Job Description
Job Spec’s.
In this role, you will be responsible for the availability, latency and performance of our customer’s platforms.
You will work proactively to identify areas for improvement, implementing automation, DevOps tooling and observability to reduce the impact of failure, provide scale and improved cost efficiency.
You will triage monitoring events and service desk requests, following a well defined incident response process and provide guidance and expertise to customers in a clear, calm and concise manner.
Finally, you will work under the guidance and mentoring of our Solutions Architects to undertake cloud infrastructure and transformation projects in-line with Well-Architected principals.
Key tasks
- Continually evaluate customer platforms and identify areas for improvement.
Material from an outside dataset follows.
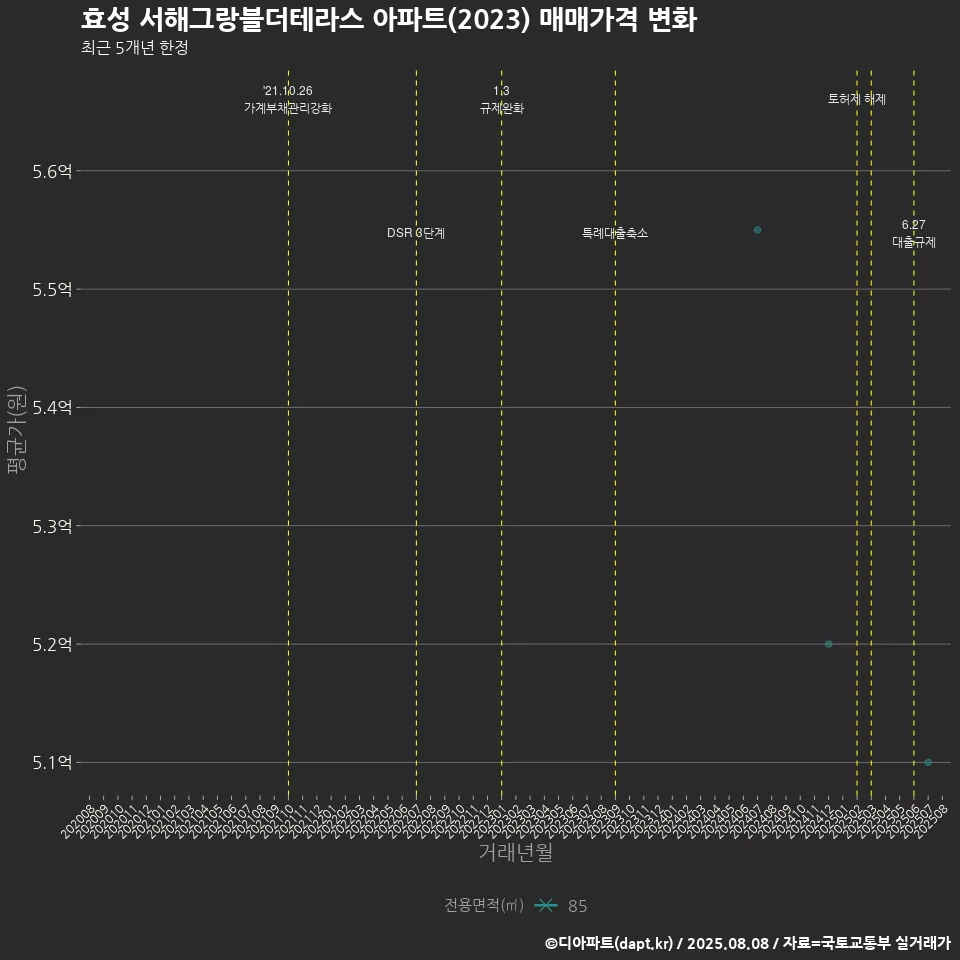효성 서해그랑블더테라스 아파트(2023) 매매가격 변화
- Build reliable and sustainable observability into our customer’s environments.
- Provide expertise and guidance to customers through service desk and phone.
- Triage problems through an established incident response process.
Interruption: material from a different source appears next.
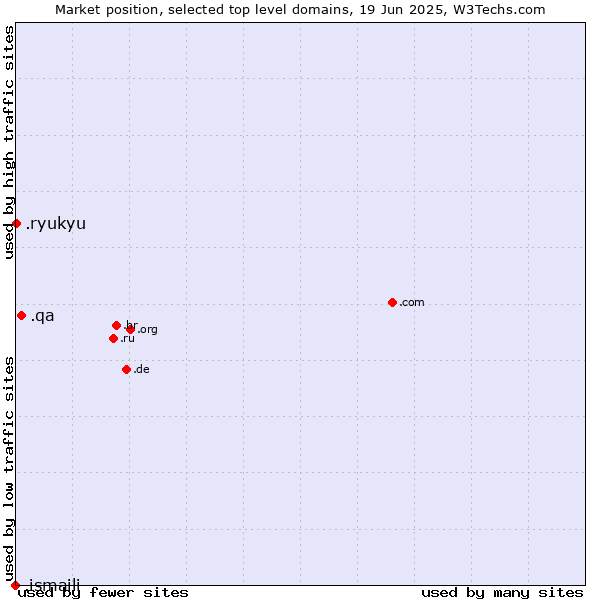 Market position of .qa (Qatar) vs. .ryukyu (Ryukyu, region of Okinawa, Japan) vs. .ismaili (Shia Ismaili Muslim community)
- Implement corrective and preventative measures in response to incidents.
- Act as a mentor to new team members.
- On-call duties.
Technologies
AWS, Lambda, Kubernetes, ECS, Terraform, Packer, Helm, Jenkins, Puppet, Grafana, Prometheus, ElasticSearch, Aurora, Kinesis, DynamoDB, ElastiCache, KMS, SSM, IAM.
Key skills / experience
- Solid Linux experience.
- Excellent communication skills.
- Ability to work on several work streams with excellent time management.
- A positive, constructive approach with an emphasis on collaboration.
- Enthusiastic and eager to learn new skills, technologies and gain industry recognised certifications.